Kline's committee hears of rundown conditions and low achievement rates.

April 23, 2015 at 2:05AM
Rep John Kline lifted up a blanked draped over an uninsulated door used in an effort to keep out the cold in a building that was once used for a vocational auto body shop and never intended to be used as classroom space. The building has a leaky roof, poor insulation and an overburdened electrical system.
Rep John Kline lifted up a blanked draped over an uninsulated door used in an effort to keep out the cold in a building that was once used for a vocational auto body shop and never intended to be used as classroom space. The building has a leaky roof, poor insulation and an overburdened electrical system. (Dml - Star Tribune Star Tribune/The Minnesota Star Tribune)

WASHINGTON — Across the country, half the schools serving Indian students are dilapidated, and achievement rates among the students are lower than traditional public school kids, panelists told a U.S. House Education and Workforce Committee hearing Wednesday.

GOP Rep. John Kline, who chairs the committee, hosted the hearing after visiting Bug-O-Nay-Ge-Shig High School on Leech Lake Indian Reservation in northern Minnesota earlier this month. The school is an old pole barn, with a leaky roof and foundation and such weak electrical cables and pipes that teachers can't turn on all the electrical equipment at the same time.

Melissa Emrey-Arras, director at the U.S. Government Accountability Office, testified that Indian students consistently score lower than students attending traditional public schools. She blamed that lack of achievement in part on poor management and fragmented communication between schools and the Bureau of Indian Affairs. The GAO has released a report on mismanagement of Indian education.

"I don't know whether to laugh or cry," Kline said, after the hearing. He expressed frustration that so many federal agencies, from the Interior Department to the Bureau of Indian Affairs to the Department of Education, all are charged with supervising Indian schools, yet no one is getting the job done.

"We're not well organized here either," Kline added. "We in Congress can't let that be an excuse."

Conditions at the Bug school were highlighted in a Star Tribune editorial board series called "Separate and Unequal." The series was a Pulitzer Prize finalist this week and the writer, Jill Burcum, testified Wednesday at Kline's hearing. Also on the panel was Brian Cladoosby, president of the National Congress of American Indians.

Burcum said she felt a sense of "defeatism" when pressing federal Interior officials on how they were going to improve schools. Interior Secretary Sally Jewell visited the Bug school last year.

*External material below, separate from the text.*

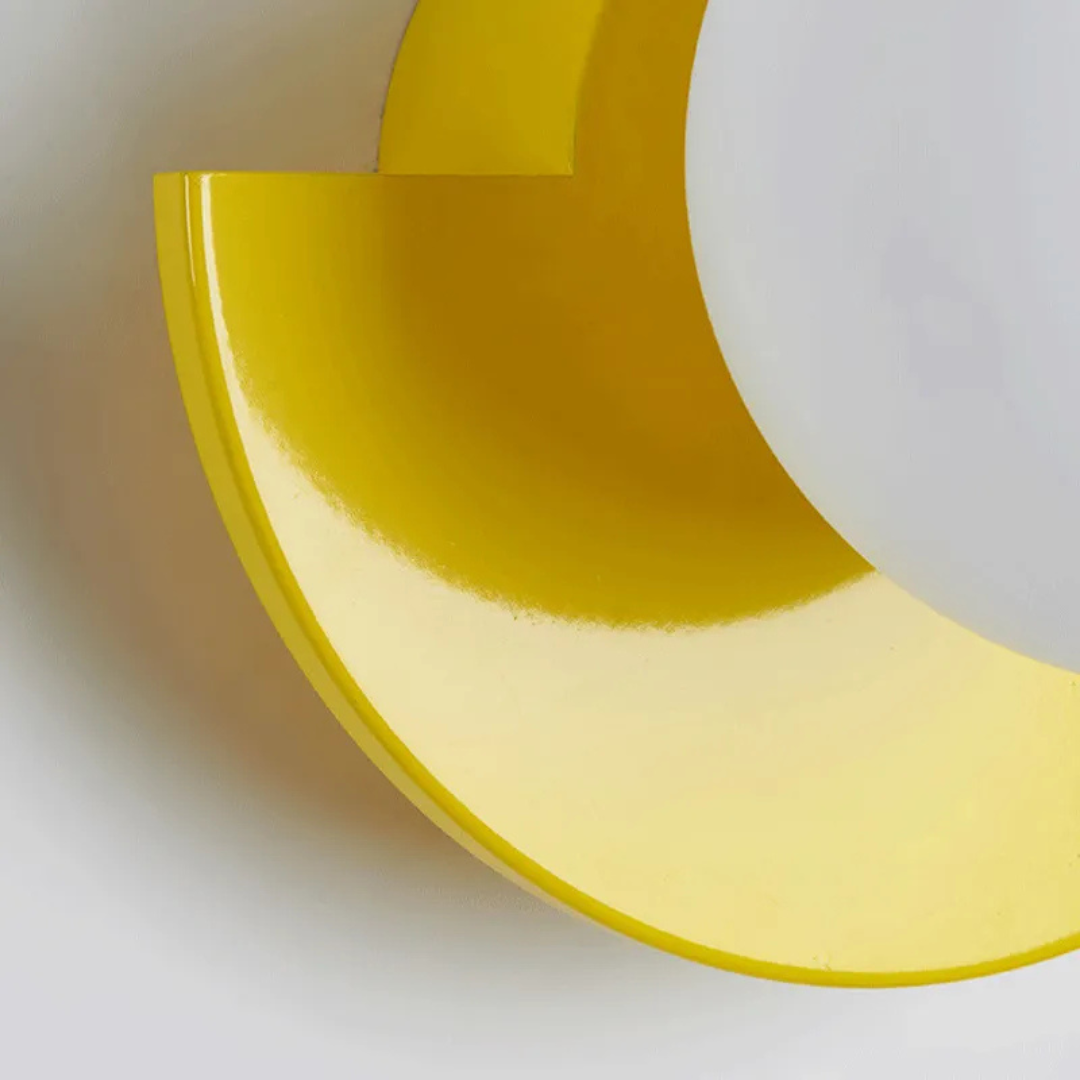 Elegante Halbmond LED-Wandleuchte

"Her visit inspired hope that there will be a new school sometime soon," Burcum said. "There is no plan as far as I can tell to rebuild the school … their hands are tied, there is no funding available, they're busy doing a bureaucratic reorganization."

Neither Interior Department nor Bureau of Indian Affairs officials were invited to the hearing, which was meant only to be an information-gathering session before Kline and his colleagues decide what to do next, his staffers said.

Interior officials did not comment on Wednesday's hearing.